HA is unaccessible via browser. In the past I would try resetting the VM and could sometimes get back in, but ultimately that’s when I started from a fresh VDI and restored Home Assistant from backup. Unfortunately, it came back 1 week later.

I am also hearing the constant sound of a USB device disconnecting, however when I look at USBLogView and USBDView, nothing is showing as disconnecting. I’ve seen this particularly behavior before, many moons ago, but it didn’t seem to impact how things were running. I’d eventually just restart the entire machine out of annoyance and it would go away.

Does this provide any other clues for you?

I just rebooted the Host machine and now it starts up normally. I expect in a few hours I will start getting that timing error again. Odd…

I believe you have a disk corruption problem somewhere on your Windows PC. You can try to get things going using Hyper-V instead of VirtualBox.

Hyper-V is part of Windows Pro, just enable it.

Please check the Windows disk for errors. Also if problem persists share your VB network configuration.

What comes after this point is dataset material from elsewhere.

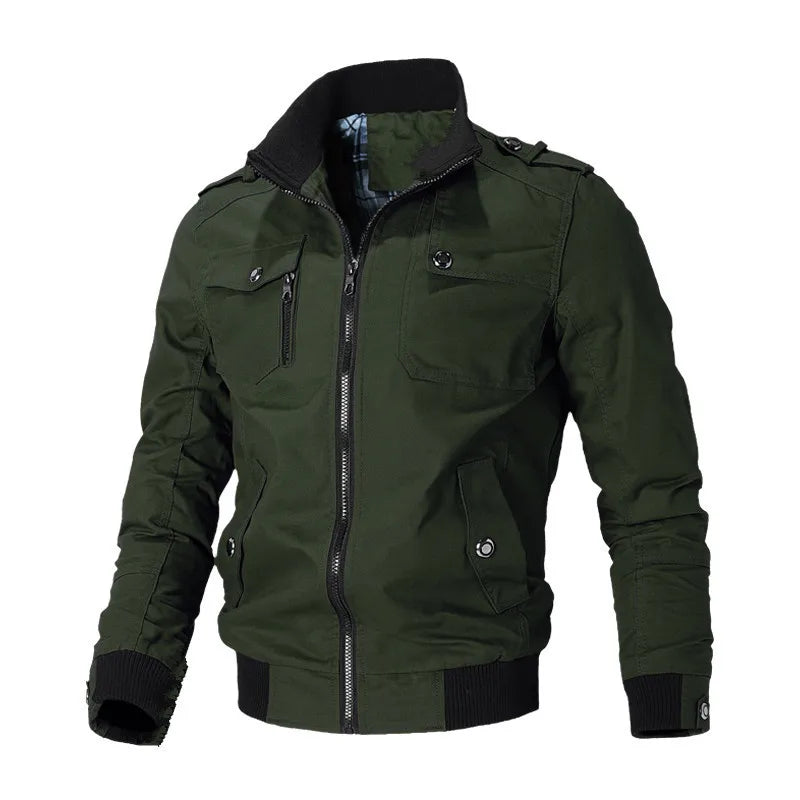 Marius | Casual Winter Jacket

Here’s what chkdsk reports. It seems to think things are okay. Is there another scan I should try? I would try Hyper-V, but I might run into trouble there. Even though my machine is reporting that it supports virtualization, I can’t even get WSL to recognize this fact. See my unanswered post on that here: https://www.reddit.com/r/WindowsHelp/comments/xlblq4/wsl_thinks_vm_platform_isnt_enabled_but_it_seems/

Microsoft Windows [Version 10.0.19044.2130]
(c) Microsoft Corporation. All rights reserved.

C:\Windows\system32>chkdsk
The type of the file system is NTFS.
Volume label is Windows.

WARNING!  /F parameter not specified.
Running CHKDSK in read-only mode.

Stage 1: Examining basic file system structure ...
  1039104 file records processed.
File verification completed.
 Phase duration (File record verification): 8.05 seconds.
  13229 large file records processed.
 Phase duration (Orphan file record recovery): 0.00 milliseconds.
  0 bad file records processed.
 Phase duration (Bad file record checking): 0.29 milliseconds.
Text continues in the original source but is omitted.